The reason is more than beauty. Orthodox hymns are dense with doctrine — whole entries of this encyclopedia are compressed into single stanzas sung on Sunday mornings — and what a congregation sings year after year becomes what it believes. Music in Orthodoxy is not the atmosphere around the theology; it is one of the places the theology lives.
Why voices alone
The Orthodox norm is a cappella: no organ, no piano, no band. The conviction beneath the custom is that worship is offered by persons, and the human voice — the instrument God made — both carries the words and belongs to a praying body in a way no machine does. The early Church sang unaccompanied, partly in continuity with the synagogue and partly because instruments in the ancient world carried the associations of the theater and pagan festival; by the time those associations faded, the Church had discovered that the unaccompanied voice was not a limitation but her sound. Even the Psalms' harps and cymbals the Fathers read as pointing to the harmony of soul and body praising God together.
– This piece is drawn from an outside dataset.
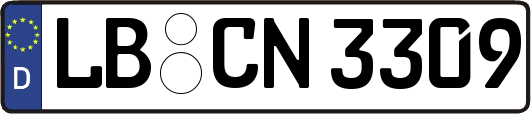 LB-CN3309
Honesty requires the exceptions. From the early twentieth century onward, a number of Greek Orthodox parishes in America adopted the organ — often to support congregational singing in buildings and circumstances far from home — and some parishes use it still, though many have returned to unaccompanied chant. And Orthodoxy does have one gloriously loud instrument: bells — rung before and after services to call and to proclaim, but silent during the singing itself. Within the services, the norm across the Orthodox world remains the human voice.
One faith, many voices
On that common foundation the Orthodox peoples have raised strikingly different musical houses. Byzantine chant, the living tradition of the Greek-speaking churches and beyond, sets a single ornamented melodic line over a held drone called the ison. Znamenny chant is the austere unison chant of old Russia, written in hook-shaped signs rather than notes on a staff. Kievan chant and its relatives are the simpler later Slavic chants that became the everyday workhorses of parish service-singing. The Georgian Church sings an ancient polyphony of three interweaving voices, a tradition of striking beauty. And Russian choral polyphony — the harmonized repertoire that grew from the eighteenth century onward, from Bortniansky to Rachmaninoff — turned the choir itself into one of Orthodoxy's best-known sounds. Other traditions — Romanian, Serbian, Arabic-language Byzantine chant, Carpatho-Rusyn congregational singing — fill out the family.
No council ranks these traditions, and this encyclopedia will not either. A visitor who hears Byzantine chant in one parish and a Russian choir in the next is hearing the same services, the same Cherubic Hymn, the same words — proof that the Church's unity was never meant to be uniformity of sound. Whatever the melody, the aim is the one St. Paul set: singing and making melody in your heart to the Lord.